À Montréal, où il s'est posé deux jours avant les attentats de Paris, Céleste Boursier-Mougenot a choisi de former un band de rock avec des oiseaux joueurs de guitare Gibson dans l'espace contemporain du Musée des beaux-arts de Montréal.

L'installation, qui en est à sa dix-neuvième mouture, a pour titre From Here to Ear. On y entre comme dans une volière pour écouter le riff que font les 70 oiseaux importés de Thetford Mines en se posant sur les 14 guitares dispersées dans la salle d'expo. Étonnant!

Au lendemain de son vernissage, Céleste Boursier-Mougenot m'attendait sagement au café du musée. Je ne voulais pas qu'il m'explique son travail, je voulais qu'il me raconte sa vie ou du moins qu'il me livre des éléments biographiques me permettant de comprendre comment il en était arrivé à avoir des idées aussi folles et à les transformer aussi ingénieusement en art et en poésie.

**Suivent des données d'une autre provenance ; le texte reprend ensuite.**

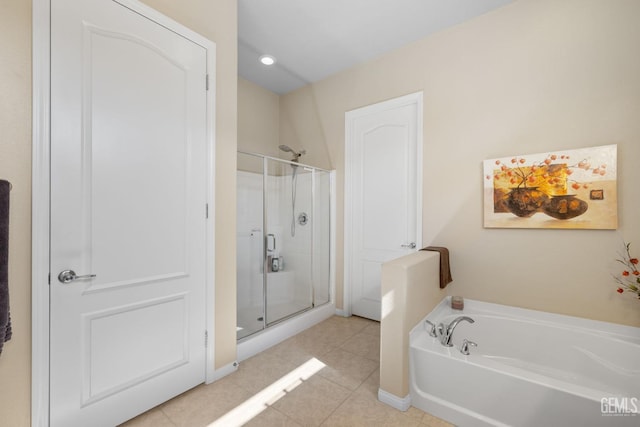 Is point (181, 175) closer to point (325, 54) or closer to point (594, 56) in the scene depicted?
point (325, 54)

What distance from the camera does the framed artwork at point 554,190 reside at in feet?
6.19

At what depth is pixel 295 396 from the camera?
5.95 ft

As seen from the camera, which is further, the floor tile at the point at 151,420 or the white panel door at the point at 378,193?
the white panel door at the point at 378,193

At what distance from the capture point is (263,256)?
2680 millimetres

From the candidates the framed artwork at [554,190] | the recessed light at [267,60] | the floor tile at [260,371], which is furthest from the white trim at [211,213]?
the framed artwork at [554,190]

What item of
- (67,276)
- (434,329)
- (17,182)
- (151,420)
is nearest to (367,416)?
(434,329)

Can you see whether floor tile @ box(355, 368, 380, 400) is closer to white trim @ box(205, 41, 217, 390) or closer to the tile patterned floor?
the tile patterned floor

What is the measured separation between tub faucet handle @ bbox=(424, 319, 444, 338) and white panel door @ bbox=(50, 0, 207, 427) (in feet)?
5.19

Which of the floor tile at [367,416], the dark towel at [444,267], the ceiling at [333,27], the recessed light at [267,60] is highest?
the ceiling at [333,27]

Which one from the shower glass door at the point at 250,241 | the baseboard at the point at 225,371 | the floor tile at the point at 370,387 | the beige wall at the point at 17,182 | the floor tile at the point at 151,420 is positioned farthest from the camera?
the shower glass door at the point at 250,241

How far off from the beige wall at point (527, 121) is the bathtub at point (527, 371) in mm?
178

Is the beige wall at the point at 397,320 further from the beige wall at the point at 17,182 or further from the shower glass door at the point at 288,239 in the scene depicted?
the beige wall at the point at 17,182

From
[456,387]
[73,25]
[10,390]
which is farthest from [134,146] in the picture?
[456,387]

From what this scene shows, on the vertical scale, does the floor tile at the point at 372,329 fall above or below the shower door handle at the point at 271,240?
below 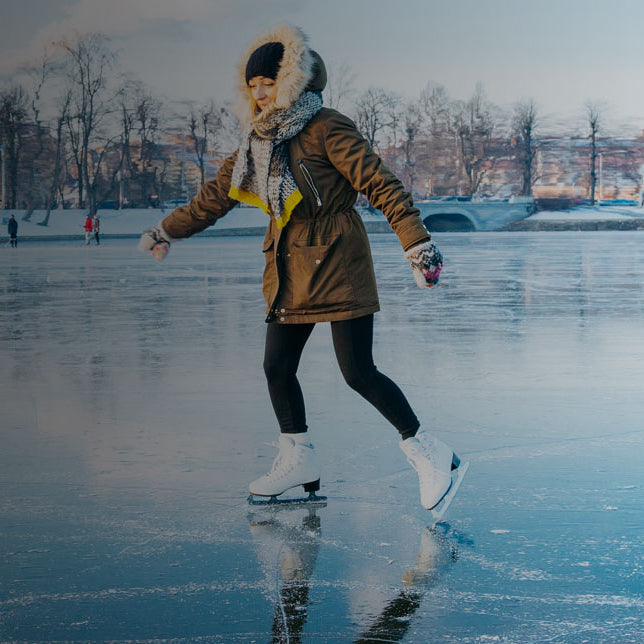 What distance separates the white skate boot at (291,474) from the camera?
3.81 meters

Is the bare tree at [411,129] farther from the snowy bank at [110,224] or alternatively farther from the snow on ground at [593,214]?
the snowy bank at [110,224]

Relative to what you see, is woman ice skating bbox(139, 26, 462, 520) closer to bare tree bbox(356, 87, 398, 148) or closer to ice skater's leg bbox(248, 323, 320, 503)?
ice skater's leg bbox(248, 323, 320, 503)

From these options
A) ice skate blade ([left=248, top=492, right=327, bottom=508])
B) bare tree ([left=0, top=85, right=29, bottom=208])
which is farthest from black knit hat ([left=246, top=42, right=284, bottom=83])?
bare tree ([left=0, top=85, right=29, bottom=208])

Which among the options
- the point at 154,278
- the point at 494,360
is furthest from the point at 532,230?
the point at 494,360

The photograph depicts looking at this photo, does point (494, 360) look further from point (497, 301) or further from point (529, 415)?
point (497, 301)

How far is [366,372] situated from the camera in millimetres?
3693

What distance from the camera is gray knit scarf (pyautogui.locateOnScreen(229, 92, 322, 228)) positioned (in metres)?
3.59

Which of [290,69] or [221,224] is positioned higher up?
[290,69]

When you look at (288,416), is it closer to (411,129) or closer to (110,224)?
(110,224)

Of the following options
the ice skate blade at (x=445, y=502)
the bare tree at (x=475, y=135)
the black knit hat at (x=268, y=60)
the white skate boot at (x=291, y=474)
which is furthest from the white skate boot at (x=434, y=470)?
the bare tree at (x=475, y=135)

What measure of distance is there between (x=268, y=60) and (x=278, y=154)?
33cm

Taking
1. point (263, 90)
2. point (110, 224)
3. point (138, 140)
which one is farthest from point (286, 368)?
point (138, 140)

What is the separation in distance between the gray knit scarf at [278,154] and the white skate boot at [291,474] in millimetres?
789

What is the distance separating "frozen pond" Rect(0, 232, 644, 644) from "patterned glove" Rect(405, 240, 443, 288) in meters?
0.76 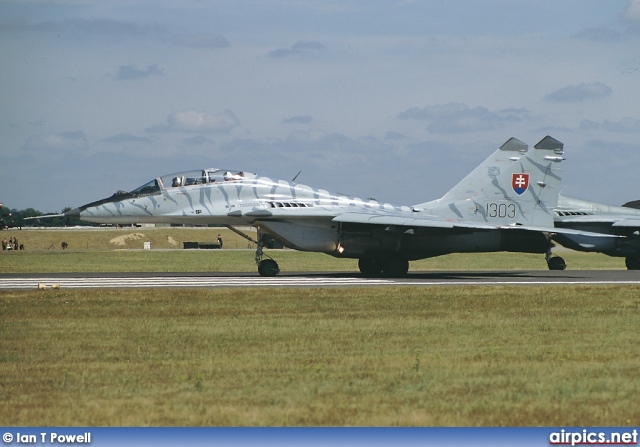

On m'avait dit qu'il n'était pas facile d'approche, qu'il pouvait être sec et cassant. Ce ne fut pas mon expérience avec lui pendant l'heure et des poussières où je l'ai écouté parler d'abondance de sa famille d'aristos déchus, pas riches, mais ouverts, un peu cathos sur les bords et plutôt non conformistes.

Enfance rêveuse

Céleste, dont le vrai prénom est Hadrien François, a grandi à Châteauneuf de Grasse, dans le sud de la France, parmi les oliviers et les figuiers d'une vaste terre léguée par le grand-père. La famille Boursier-Mougenot comptait trois garçons et une fille. Le père était un artisan verrier, la mère, une intellectuelle et sociologue.

«J'ai grandi le regard baigné de beauté au sein d'une famille où la parole primait. On parlait beaucoup avec nos parents, qui étaient un peu mystiques, tendance Lanza del Vasto, et qui s'occupaient de nous, mais toujours un à la fois. Avec le recul, je me rends compte que cette base affective familiale solide m'a sauvé la vie.»

L'enfance rêveuse au milieu d'une nature luxuriante et de parfums enivrants explique en partie la présence du vivant, du végétal et de l'animal dans les installations de Céleste. Mais en partie seulement, car à l'âge de 10 ans, sa vie a basculé. La famille a quitté les champs d'oliviers pour Nice et emménagé dans une maison qui avait l'avantage d'être immense et le défaut d'être dans un quartier pauvre et dur.

Du jour au lendemain, le petit Céleste s'est retrouvé à l'école publique avec des petits voyous qui ne pensaient qu'à lui casser la gueule. Il n'était pas très grand ni très fort, mais il a appris à se battre: appris à la dure. Quand il rentrait à la maison, il se réfugiait dans les livres et à l'adolescence, c'est la musique qui a pris le pas sur la littérature.

Par l'éducation qu'il a reçue et le milieu ouvert où il a été élevé, Céleste a très vite été attiré par une forme de marginalité branchée, mais pas nécessairement très franco-française. Au lieu de tripper sur Johnny Hallyday ou même Téléphone comme la plupart des jeunes Français, il se branche sur le punk rock de New York et écoute en boucle Iggy Pop et les Ramones.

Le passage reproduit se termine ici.